Southampton Village hired Chief Cumming’s son, Thomas Cummings Jr., as a police officer in 2019, despite a village ethics code that bars an employee from supervising a relative.

PBA president Michael Horstman in a statement said the report was a "clear attempt by the Mayor to distract the voters" during an election year.

Southampton Village Mayor Jesse Warren said the village needs to...

Southampton Village Mayor Jesse Warren said the village needs to improve and curtail "all the waste, nepotism and mismanagement." Credit: Newsday/Steve Pfost

Warren and the PBA have clashed before with the union passing a vote of no confidence against the mayor last summer. Signs reading "Save Our Police Southampton Village in Crisis" popped up in the village last week.

An analysis of overtime "revealed excessive expenses and few controls in place," the report states. The village police department spent $459,000 on overtime in 2020 or 7.4% of its budget, which is higher than the 5% the report recommends as a best practice.

The highest overtime spending was for communications and for officers on the Suffolk County District Attorney’s East End Drug Task Force. The study recommends village officials consider discontinue membership on the task force.

"There were seemingly no violent crimes solved, no wanted suspects located, no local gangs dismantled, no tangible impact on local drug conditions and no apparent impact on the local opioid crisis," the study states. The officer assigned to the task force, who the report does not name, incurred 724 hours doing that work and earned more than $80,000 in overtime.

"There appeared to be no oversight on these expenses and the investigator had essentially a ‘blank check’ to work overtime," the report states.

The report criticizes the department’s off-duty employment policy as vague and recommends that secondary off-duty employment be prohibited in the village, and if possible, throughout Southampton Town. East End police officer often work lucrative private security jobs for the Hamptons’ wealthy residents.

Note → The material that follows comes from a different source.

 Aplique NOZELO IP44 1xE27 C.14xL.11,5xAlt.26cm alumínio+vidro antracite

It also said the department’s canine unit "seems to be a luxury that the Village cannot afford" and recommended asking the local school district to share in the cost of a school resource officer.

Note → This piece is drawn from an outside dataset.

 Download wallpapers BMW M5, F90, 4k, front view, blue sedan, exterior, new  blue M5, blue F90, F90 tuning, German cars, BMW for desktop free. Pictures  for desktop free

The department should also strive for more diversity in hiring as the last 10 new recruits were all white males, according to the report.

A five-member nonpartisan village board-appointed task force was asked to review the report and present its findings during Friday’s Village Board meetings. Among their recommendations was having the village trustees serve as a police oversight board.

"While we don’t doubt that the individual officers of the SVPD have the best interests of the community at heart, there are clear and serious problems with mismanagement and waste," task force members said in a statement. "Better oversight of the Department by the Village is clearly needed, as are major reforms to SVPD policies and practices."